I’m about to become one– voluntarily– because of a multitude of factors. The equation of financial stability, quality of life, and vocational satifaction has shifted enough to favor moving and living with my parents. Okay, and there are goats and a dog (honorary goat). How can I not go hang out with the goats?

I’m generally pleased about the decision, but it’s started a line of thought about food habits and families. Obviously, I was raised in that household and theoretically my cooking and eating habits are expected to be similar to my family’s habits. It’s been 10 years, one diet-related disease diagnosis, and quite a few wanders through non-American foodways since I regularly shared a kitchen and table with Mom and Dad. I have my own habits and some no longer overlap with what I ate as a child. Some do (broccoli and cauliflower are AWESOME and breakfast is essential to civilized life), but I expect there will be surprises. I eat fewer grains, partly out of convinience, partly out of finance, and partly from inclination; I eat more beans and lentils; and, oddly enough, I think I often eat less fruit. I lean toward dishes with fewer ingredients, where my mother’s style is more on the everything in the vegetables drawer plus the kitchen sink end of the spectrum. Integration will be interesting.

Mostly, I hear about issues of family gatherings rather than merging households. “My brother/sister/parents don’t understand what I need to eat for diabetes” or “I’m trying to stick to my diet for my blood pressure, but everyone pressures me to join them in eating food I shouldn’t” or “My mother-in-law doesn’t understand my baby (allergic baby) can’t eat ANYTHING that has dairy or butter in it!” Occasionally, parents and grandparents have different philosohpies on feeding kids, whether it’s about vegetables, dessert, or the acceptance or rejection of “kid food.” It’s tricky, especially when it’s just for a weekend. Here’s one procedure to follow:

1) Describe any health concerns beforehand and attempt to shoulder the burden. Offer to bring suitable food, especially if you’re concerned about allergies/celiac, or contact the caterer/restaurant beforehand. Ignore Miss Manners here: safety first. Volunteer to cook, or be the sous chef.
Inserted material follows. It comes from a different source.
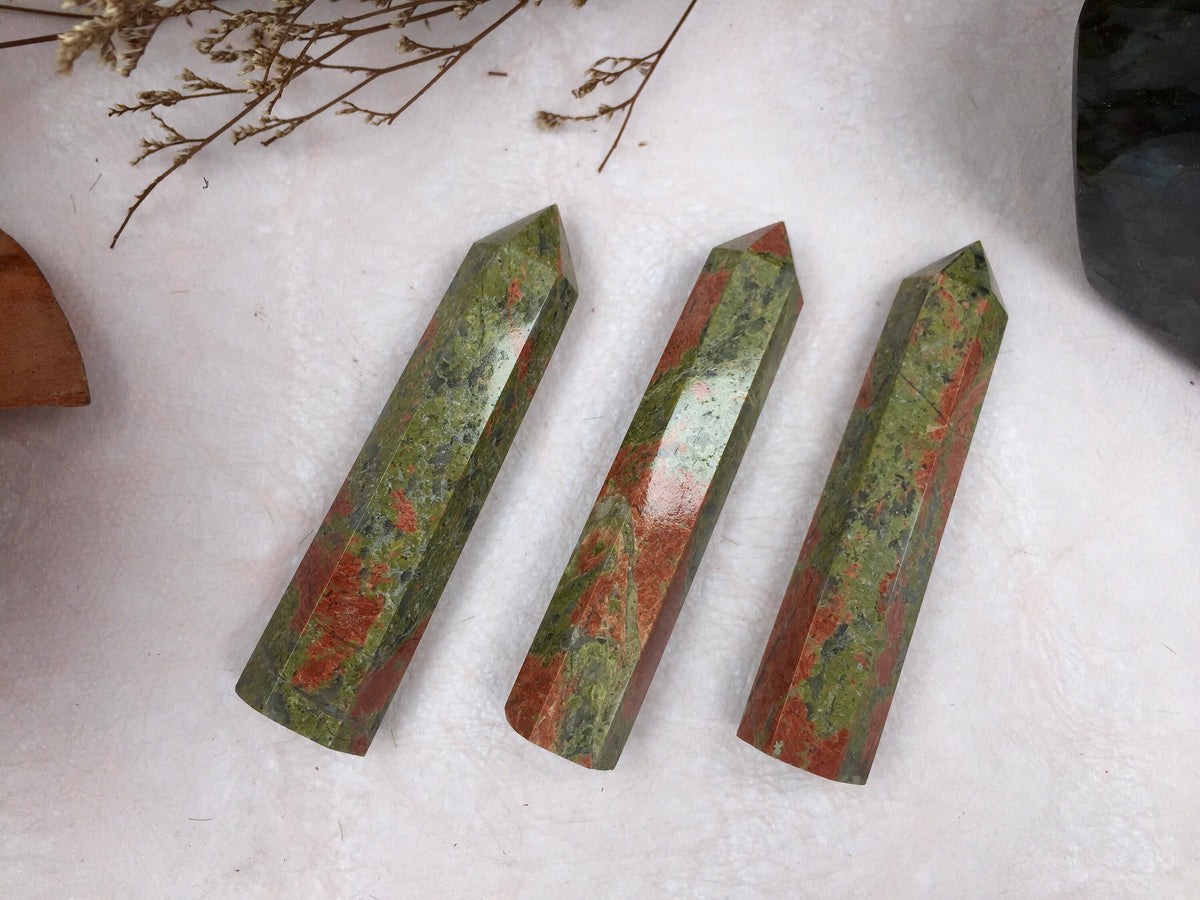 Unakite tower-point crystal tower gifts for friends new home gifts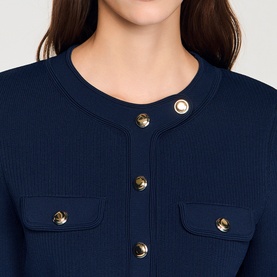 Cropped Rib Knit Cardigan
2) Describe, in somewhat dire terms, the consequences if you don’t follow your diet if you meet continued resistance. You can also do the “not in polite company” expression and attitude if your audience might be responsive to that and you’d rather not go into details. Or pull in the “this is what my MD wants me to do” card. (It’s like the teenager’s “my mother would KILL me if I did xyz stupid thing” card). Keep a pleasant tone, whatever your approach, and add in a dark joke about looking forward to a long life with both your kidneys functioning.
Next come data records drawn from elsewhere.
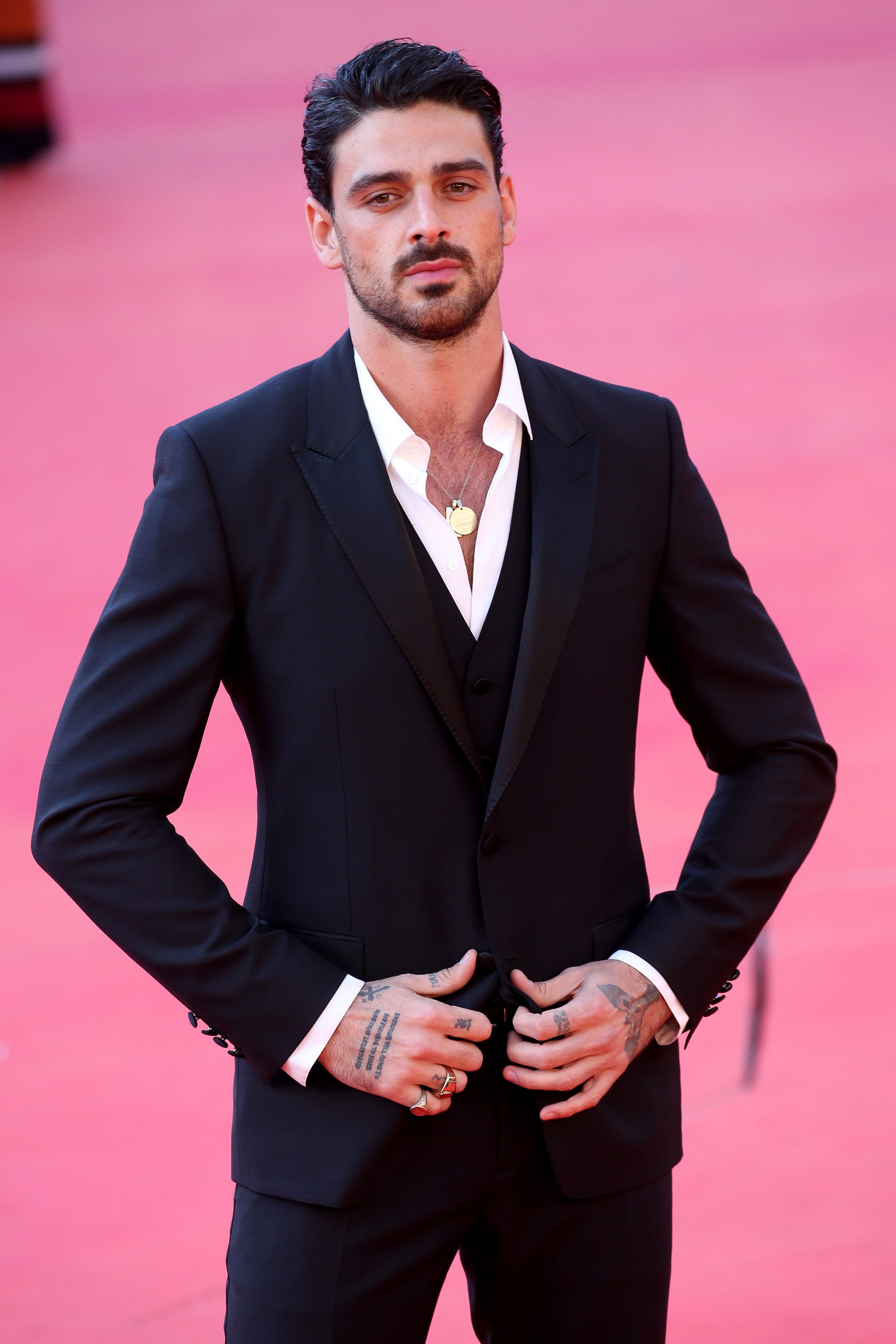 Michele Morrone during the "Bar Giuseppe" red carpet during the 14th Rome Film Festival on October 18, 2019 in Rome, Italy. | Source: Getty Images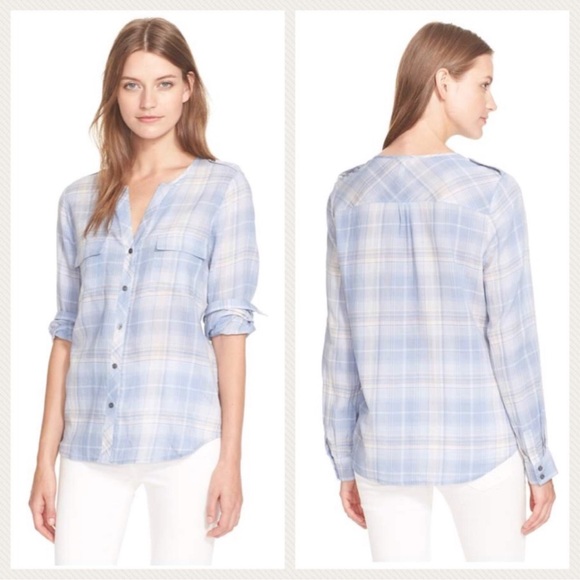 Joie Tops - Joie Blouse Acaelle Plaid Button Down Cotton Top XS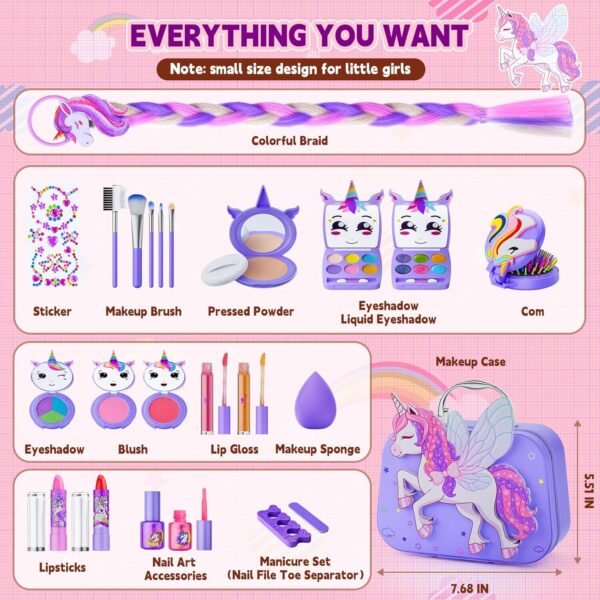 Kids Makeup Kit for Girl - Kids Makeup Girl Toys with Flying Horse Storage Case, Girl Makeup Sets Kids Toys Kids Play Makeup Set for Girls Christmas Birthday Gift Toys 3-12 Years Old Girl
3) Calm everyone down. (Well, you just made them anxious and stressed.) Fair’s fair. Don’t dismiss your concerns too much, though, you still want them to respect your dietary issues.
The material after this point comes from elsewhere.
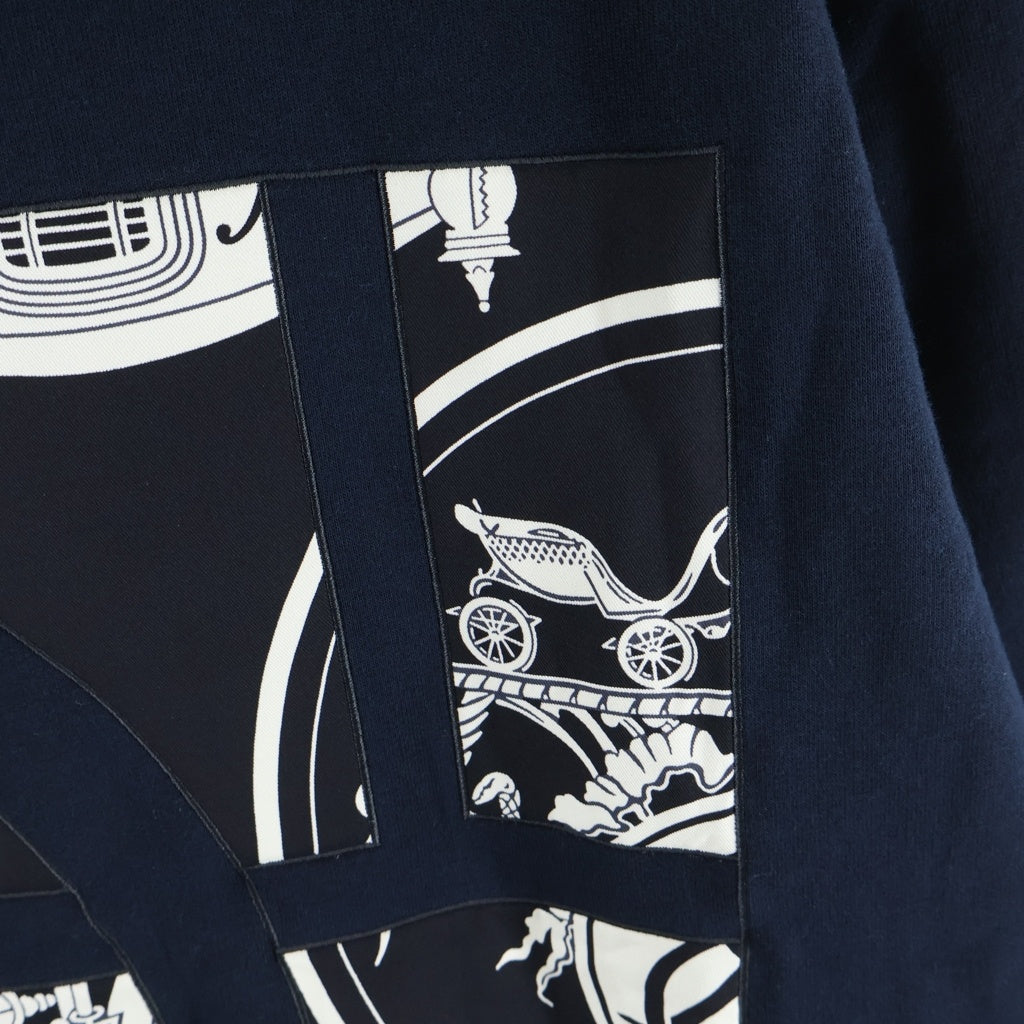 HERMES(エルメス) 25AW EX-LIBRIS H567765HA エクスリブリス バックプリント ジップアップ パーカー フーディー ネイビー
4) Carry granola bars, epi pens, benadryl, your own jar of peanut butter, or whatever other supplies will make you be (and feel) like you have a back-up plan. When it doubt, make sure you have access to transport and groceries.

That’s should get you through most of it on short trips, I think. Long-term stays require more delicate, constant negotiation of culinary philosophies throughout your time together as you merge households. Whether you are one of us twenty-somethings moving in with our boomer parents, or a boomer becoming a caretaker of a parent, crossing generations in the kitchen is territory to approach carefully. What have have your experiences been?